▼
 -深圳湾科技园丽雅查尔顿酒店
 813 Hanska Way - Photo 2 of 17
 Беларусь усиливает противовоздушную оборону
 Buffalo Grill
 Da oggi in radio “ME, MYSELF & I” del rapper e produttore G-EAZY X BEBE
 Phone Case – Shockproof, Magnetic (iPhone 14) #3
▲
### Instructions for the task
Restate the full listing word for word, leaving out nothing.

### Response box
 -深圳湾科技园丽雅查尔顿酒店
 813 Hanska Way - Photo 2 of 17
 Беларусь усиливает противовоздушную оборону
 Buffalo Grill
 Da oggi in radio “ME, MYSELF & I” del rapper e produttore G-EAZY X BEBE
 Phone Case – Shockproof, Magnetic (iPhone 14) #3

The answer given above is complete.